So, how many times do you check the weather before hitting the road or the water?
Well, leave it to veteran meteorologist Bob Baron to help make those observations easier.
Baron, CEO and founder of Baron Services, has launched the Baron Critical Weather Institute, which will focus on the unique weather and safety challenges facing the transportation industry.
The goal is to create a comprehensive statewide weather observation network including road, river and atmospheric conditions. This will help ensure that citizens across Alabama will receive improved and more timely current conditions and forecasts on roadways and waterways as they travel across the state.
Baron said “the Tennessee Valley and the state of Alabama uniquely experience a broad range of weather events and contain terrain that extends from subtropical seashores to mountains along with navigable waterways, seaways, highways and airways.
“Our state is home to numerous manufacturing powerhouses who produce transportation-related products, including automobiles, boats, railcars and aircraft.”

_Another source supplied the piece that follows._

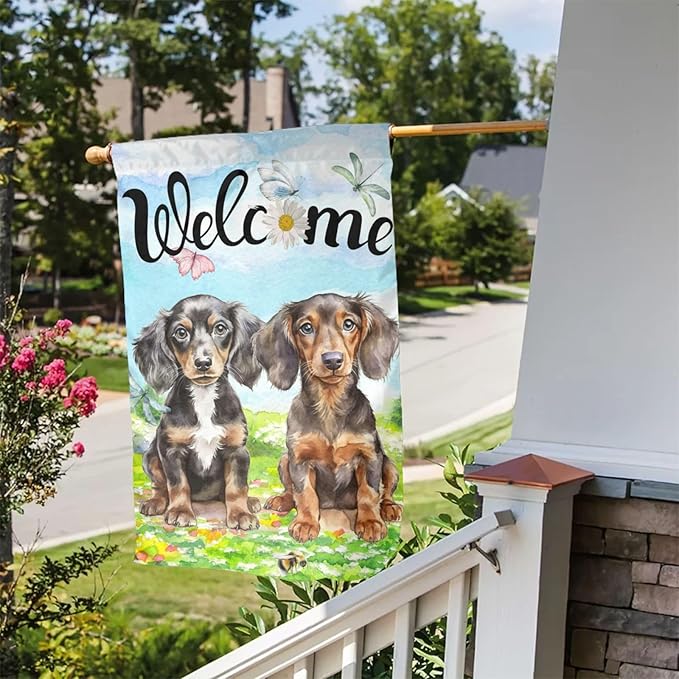 Cute Dachshund Dog Puppy Lovers Spring Flowers Florals Garden Flag Welcome Party Outdoor Outside Decorations Picks Home House Garden Yard Decor 12x18 Inch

The Institute’s efforts to develop, coordinate, and support world class instrumentation across the state will provide a building block for major weather research and development, particularly in transportation.
Guiding the Institute’s development are Dr. Deborah Barnhart, CEO and Executive Director of the U.S. Space & Rocket Center; Dr. John Christy, Director of Earth System Science Center at UAH and the Alabama state climatologist; Dr. Steve Goodman, retired Chief Scientist, GOES-R, NOAA; Dr. Jack Hayes, retired director, U.S. National Weather Service; retired Air Force Col. Brian Hastings, director of Alabama Emergency Management Agency; Daryl Herzmann, Systems Analyst, Iowa Environmental Mesonet; Dr. Sytske Kimball, Chair of University of South Alabama Department of Earth Sciences and director of South Alabama Mesonet; John McLaughlin, retired Chief Meteorologist KCCI, Fellow AMS; and Tom Thompson, Partner, Chief Technology Officer, Baron.
Also, the Baron Critical Weather Institute will provide education outreach, including helping student scientists understand the importance of weather instrumentation in studying the weather.